PBS has a "common carriage" policy that dictates the programming schedule that all its local affiliates must follow during "prime time" evening hours. But a different set of rules governs PBS daytime programming. Member stations (whose operators typically include state agencies, nonprofit organizations, and universities) can purchase the specific shows and specials distributed by PBS National that they wish to air, and they have complete autonomy to air them whenever they wish.
Ever since the Vietnam War era, the content of PBS programming generally has reflected a liberal-to-left political slant. As Wall Street Journal columnist Peggy Noonan puts it, "…arguing over whether PBS is and has long been politically liberal is like arguing over whether the ocean is and has long been wet. Of course it is, and everyone knows it."
According to Brent Bozell of the Media Research Center (MRC), "The left maintains an iron grip on PBS." A 1996 MRC study reported that "since PBS and NBC News began joint convention coverage in 1992, PBS/NBC has failed to apply ideological labels in a fair and balanced manner. Overall … PBS/NBC anchors and correspondents were more than three times as likely to tag Democrats with the 'moderate' label ... as Republicans ..." (Read the quotes.)
A prominent host and producer of PBS programs over the years has been Bill Moyers, President of the Schumann Center for Media and Democracy. Since 1970, Moyers has hosted such shows as This Week; Bill Moyers' Journal; NOW with Bill Moyers; Moyers on America; Bill Moyers: On Faith and Reason; and Bill Moyers' Journal.

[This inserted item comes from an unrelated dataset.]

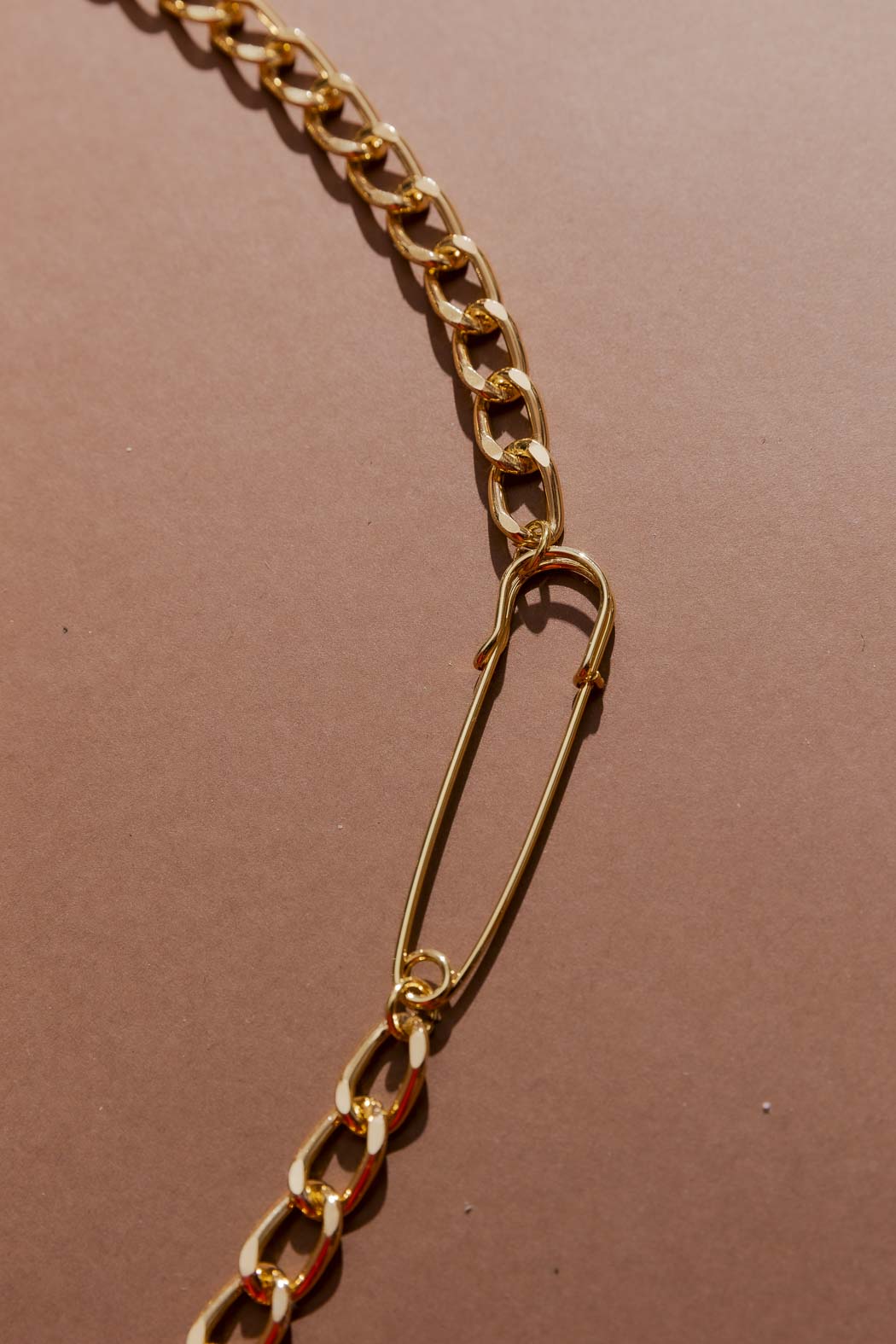 Gold Safety Pin Necklace Gold O/S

As of 2004, approximately 30 PBS affiliates had stopped airing Moyers' partisan show NOW during the network's pledge drives, partly out of fear that the program's unmistakable bias would alienate many potential donors. NOW had also become an ethical embarrassment because Moyers had used his taxpayer-subsidized show to promote guests from at least 16 leftist organizations that had received at least $4.8 million in grants from the Schumann Center for Media and Democracy. Moyers had neglected to inform his audience of this conflict of interest involving an organization of which he was President and from which he personally pocketed $200,000 per year.
In addition to the programs produced by Moyers, other PBS shows have likewise demonstrated a liberal/left bias, including Frontline. Launched in 1983, Frontline is considered PBS's "flagship public affairs series." In its coverage of the 2004 presidential campaigns, the show consistently portrayed Democratic nominee John Kerry favorably, while casting incumbent President George W. Bush in a negative light.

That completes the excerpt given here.